PROBLEM DESCRIPTION :: Images aside, return all the entries exactly.
##### DATASET EXCERPTS
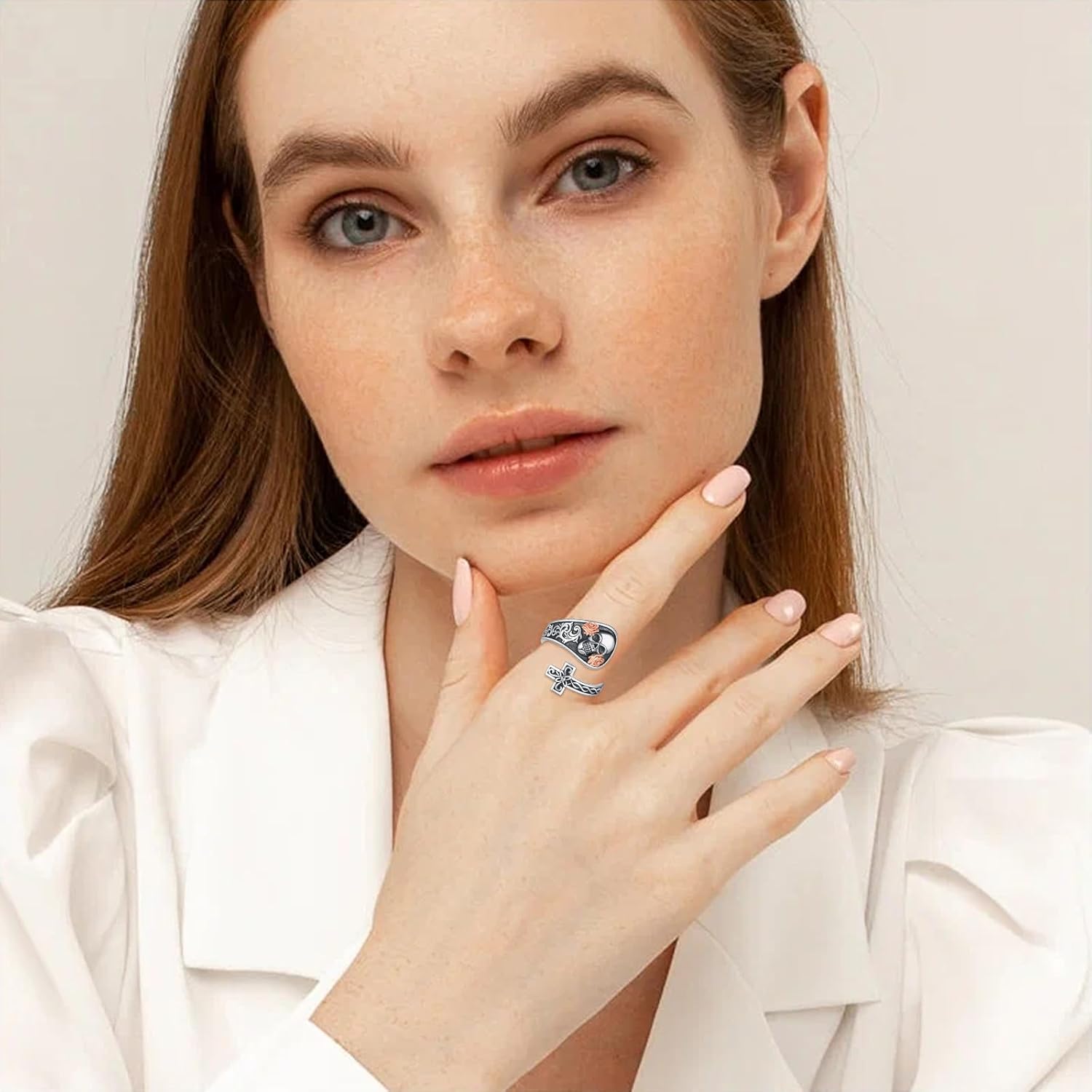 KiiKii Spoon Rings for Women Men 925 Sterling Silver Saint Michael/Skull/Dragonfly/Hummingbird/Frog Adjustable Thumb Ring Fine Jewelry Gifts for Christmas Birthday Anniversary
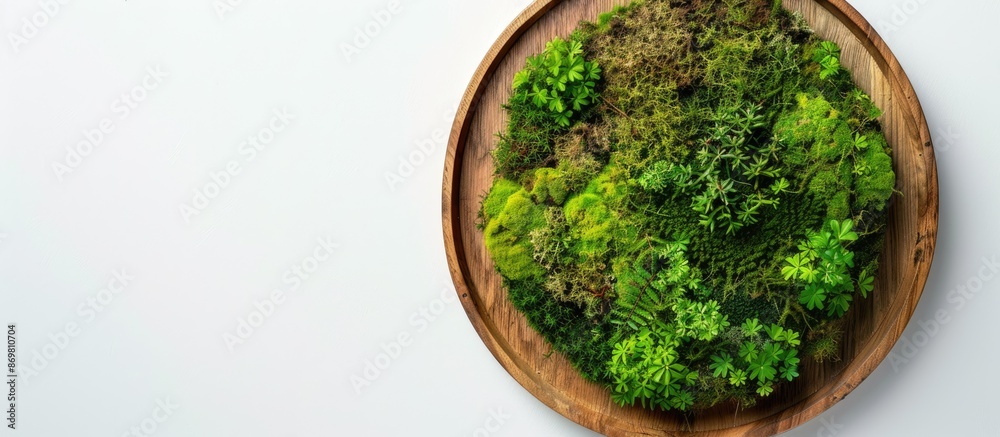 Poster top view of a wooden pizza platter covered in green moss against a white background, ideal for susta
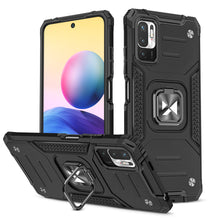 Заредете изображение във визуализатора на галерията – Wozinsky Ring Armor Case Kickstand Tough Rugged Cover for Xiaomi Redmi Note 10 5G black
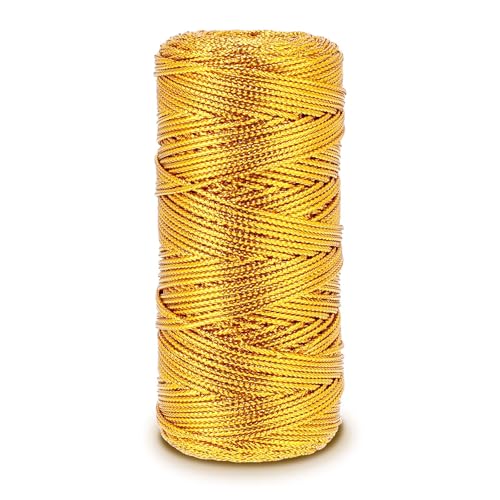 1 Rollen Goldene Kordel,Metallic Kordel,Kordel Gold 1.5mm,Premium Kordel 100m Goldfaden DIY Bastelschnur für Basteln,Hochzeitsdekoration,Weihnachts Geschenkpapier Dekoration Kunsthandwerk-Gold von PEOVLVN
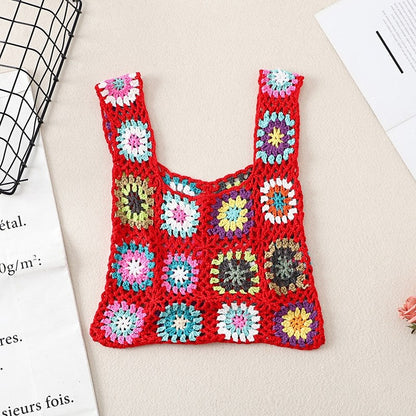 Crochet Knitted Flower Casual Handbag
##########
EXPECTED OUTPUT ::
 KiiKii Spoon Rings for Women Men 925 Sterling Silver Saint Michael/Skull/Dragonfly/Hummingbird/Frog Adjustable Thumb Ring Fine Jewelry Gifts for Christmas Birthday Anniversary
 Poster top view of a wooden pizza platter covered in green moss against a white background, ideal for susta
 Заредете изображение във визуализатора на галерията – Wozinsky Ring Armor Case Kickstand Tough Rugged Cover for Xiaomi Redmi Note 10 5G black
 1 Rollen Goldene Kordel,Metallic Kordel,Kordel Gold 1.5mm,Premium Kordel 100m Goldfaden DIY Bastelschnur für Basteln,Hochzeitsdekoration,Weihnachts Geschenkpapier Dekoration Kunsthandwerk-Gold von PEOVLVN
 Crochet Knitted Flower Casual Handbag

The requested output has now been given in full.